Now, thanks to a ruling by the Supreme Court that overturned Trump’s IEEPA tariffs, and a ruling by the Court of International Trade ruled that all tariffs paid under IEEPA must be returned, buyers may be able to collect a refund.

The Customs and Border Protection said in a declaration on March 6 that it could start rolling out refunds as soon as April, after some technological updates to its system. The CIT estimates that the CBP owes $165 billion in duties that must be refunded with interest, with about $650 million accruing each month.

Even though Trump introduced a new 10% “global tariff” under Section 122, meaning that overseas purchases will continue to face an extra charge, some shipping companies told Business Insider they are willing to help consumers claw back what they paid under the IEEPA.
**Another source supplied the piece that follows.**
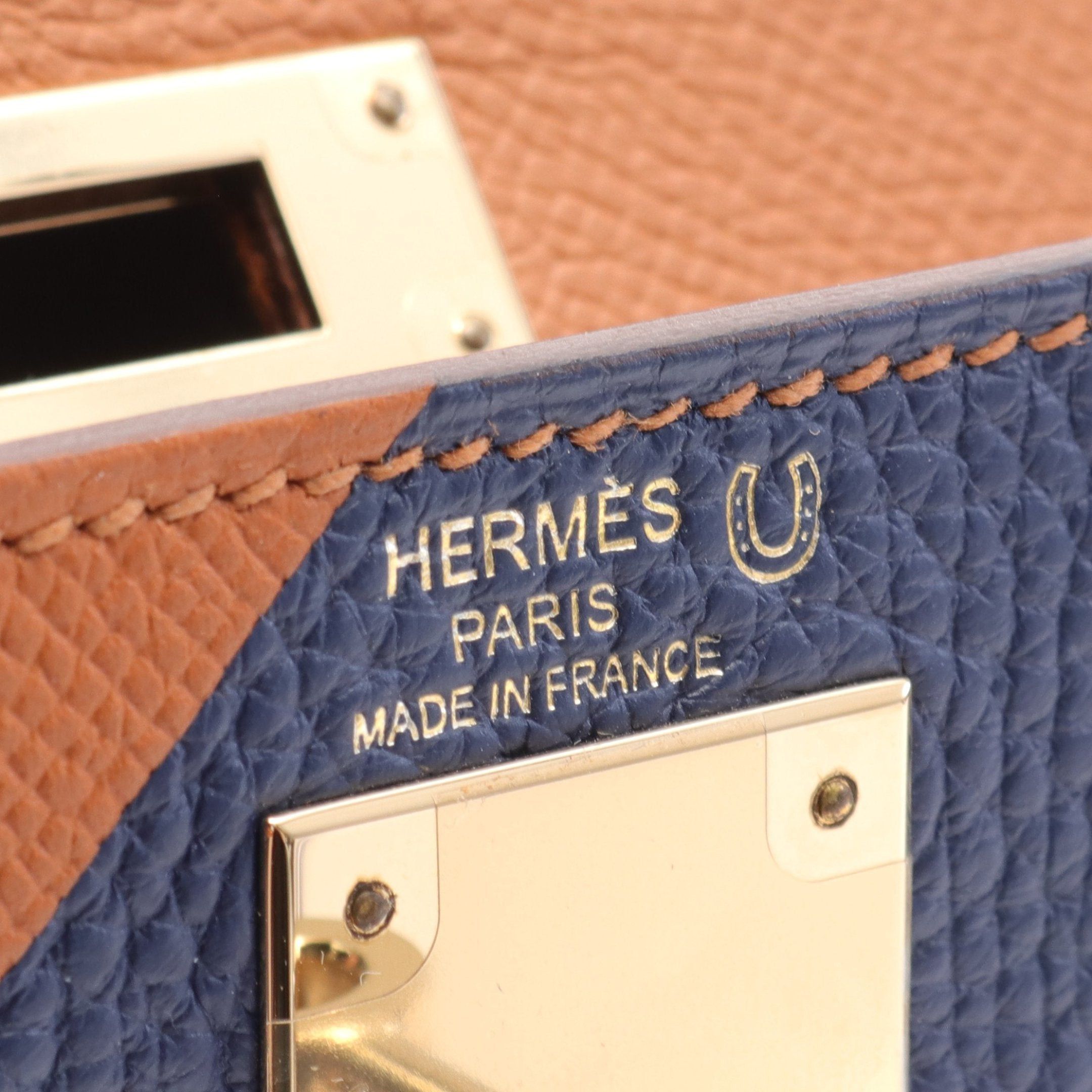 Hermes Hermes Kelly Letter 28 Gold Celeste Blue Saphir Handbag Veau Epsom Brown Light Navy Hardware D Stamp Size ONE SIZE - 4 Thumbnail
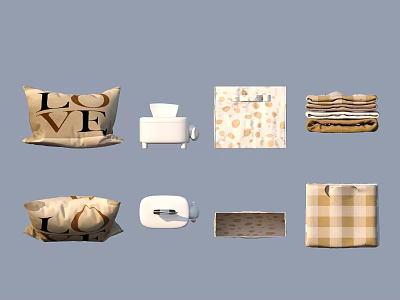 Cozy Home Living Accessories With Pillows Tissue Box Storage Bags And Plaid Towels 3d model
From FedEx to USPS, here is what different companies are saying about refunding tariffs paid by individual consumers.

Some companies are willing to help

FedEx was the first company to file a lawsuit with the CIT to secure “a full refund” after the Supreme Court decision.

A spokesperson for FedEx told Business Insider that the lawsuit was “on behalf of our customers” and that the company is committed to returning tariff costs.

“Our intent is straightforward: if refunds are issued to FedEx, we will issue refunds to the shippers and consumers who originally bore those charges,” the spokesperson said.

“When that will happen, and the exact process for requesting and issuing refunds will depend in part on future guidance from the government and the court,” the spokesperson added.

Similar to FedEx, UPS told Business Insider that the company will support customers in obtaining IEEPA tariff refunds after a process is established by relevant agencies.

“We remain focused on keeping shipments moving and helping ensure our customers can fully exercise their rights throughout this complex process,” said a UPS spokesperson.

Morgan & Morgan also filed a proposed class action lawsuit in March against FedEx to recover the costs of import duties and fees associated with IEEPA in a legally binding manner.

“While FedEx has stated publicly that they plan to return those funds to their customers, the company did not make any legally binding statements to that effect in their complaint,” said Morgan & Morgan in a statement to Business Insider, “Nor have they mentioned any plan to refund the significant ancillary fees they charged for processing those tariffs.”

Other major companies

USPS is one of the most popular and affordable methods of shipping small goods, but it can be complicated as a government-owned entity.

USPS has been collecting tariffs for items via its prepaid “Delivered Duty Paid” service, mostly to avoid surprise fees and a buildup of abandoned small items at the border. Unlike FedEx or UPS, it is an independent agency that belongs to the executive branch of the federal government.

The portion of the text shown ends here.